Imagine if there had been little or no data regarding the electability prospects of the candidates. Do you think they would have campaigned differently? Haven’t you always been a bit questioning of exit polls and their validity?

As data-driven business strategists and marketers, we absolutely LOVE data. Flying blind is never a good business strategy. Yet at the same time we’re also careful to question the validity of decision-driving data. Is the sample size large enough? Were time frames truly long and comparable enough? Can we truly have confidence in the conclusions we are making on the basis of the data we’re collecting?

I’ve always maintained a certain amount of skepticism when it comes to data and statistics. After last week it’s even more the case (if that’s possible).   I don’t love data any less, it’s more that I now want to dig deeply into the question – “what if the data is wrong?”
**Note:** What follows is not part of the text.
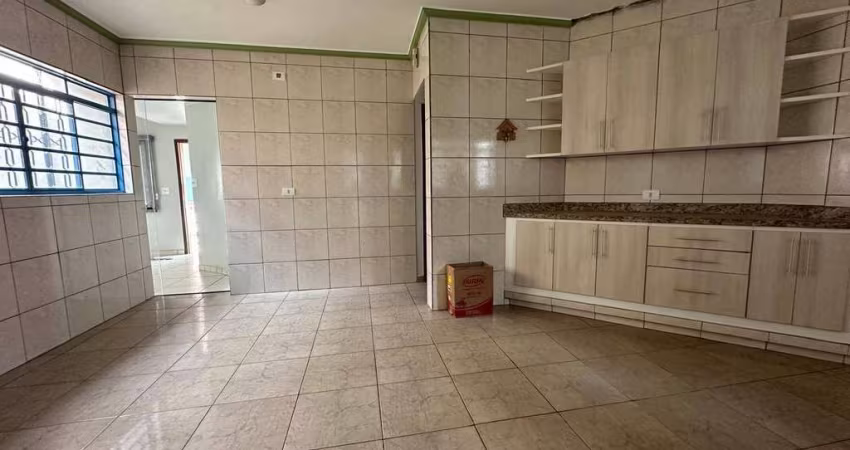 Casa com 3 quartos, sendo 1 suíte no bairro São Gabriel II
Bad data is comparable to disinformation. It often leads to the wrong conclusions and outcomes. No data is just that. In the absence of data all that is left are hypotheses. Those hypotheses without supporting data then become the launch pad for a series of tests to try to determine the potential success of one over the other.   That’s inefficient, not easy and will generate a lower level of success.

It is often heard in financial circles that ‘past history is no guarantee of future results’. Of course we use past history to help guide our future decisions. That’s never going to change. But taking all data at face value is dangerous and maybe more importantly not doing the entire job of vetting the prospects of success.

Here’s the irony. I am counting on data reporting and correlation to continue to improve and will never turn away from knowing more about what’s going on in order to aid strategic business and marketing decisions. But after last week my eyebrows arch a bit higher than they did previously.

Do you have the same, more or less confidence in data reporting today than before the U.S. Election of last week?